*** Opening DATA FOR THIS EXERCISE ***

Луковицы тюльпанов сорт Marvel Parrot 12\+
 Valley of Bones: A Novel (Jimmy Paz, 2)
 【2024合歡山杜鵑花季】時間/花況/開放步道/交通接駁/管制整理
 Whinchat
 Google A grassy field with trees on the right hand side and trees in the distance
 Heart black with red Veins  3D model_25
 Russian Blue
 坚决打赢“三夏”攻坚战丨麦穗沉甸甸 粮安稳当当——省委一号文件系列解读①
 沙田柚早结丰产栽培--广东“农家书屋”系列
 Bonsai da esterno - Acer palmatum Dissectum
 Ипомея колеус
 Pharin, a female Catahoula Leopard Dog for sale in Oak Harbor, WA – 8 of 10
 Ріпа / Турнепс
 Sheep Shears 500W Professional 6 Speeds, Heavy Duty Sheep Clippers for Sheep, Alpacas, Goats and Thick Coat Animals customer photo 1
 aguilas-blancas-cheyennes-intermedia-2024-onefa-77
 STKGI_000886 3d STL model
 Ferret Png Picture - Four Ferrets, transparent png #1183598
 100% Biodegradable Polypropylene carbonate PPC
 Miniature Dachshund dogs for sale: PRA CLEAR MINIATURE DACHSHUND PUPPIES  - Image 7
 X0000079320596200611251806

*** Closing DATA FOR THIS EXERCISE ***

The records above must be reproduced word for word.

Луковицы тюльпанов сорт Marvel Parrot 12\+
 Valley of Bones: A Novel (Jimmy Paz, 2)
 【2024合歡山杜鵑花季】時間/花況/開放步道/交通接駁/管制整理
 Whinchat
 Google A grassy field with trees on the right hand side and trees in the distance
 Heart black with red Veins  3D model_25
 Russian Blue
 坚决打赢“三夏”攻坚战丨麦穗沉甸甸 粮安稳当当——省委一号文件系列解读①
 沙田柚早结丰产栽培--广东“农家书屋”系列
 Bonsai da esterno - Acer palmatum Dissectum
 Ипомея колеус
 Pharin, a female Catahoula Leopard Dog for sale in Oak Harbor, WA – 8 of 10
 Ріпа / Турнепс
 Sheep Shears 500W Professional 6 Speeds, Heavy Duty Sheep Clippers for Sheep, Alpacas, Goats and Thick Coat Animals customer photo 1
 aguilas-blancas-cheyennes-intermedia-2024-onefa-77
 STKGI_000886 3d STL model
 Ferret Png Picture - Four Ferrets, transparent png #1183598
 100% Biodegradable Polypropylene carbonate PPC
 Miniature Dachshund dogs for sale: PRA CLEAR MINIATURE DACHSHUND PUPPIES  - Image 7
 X0000079320596200611251806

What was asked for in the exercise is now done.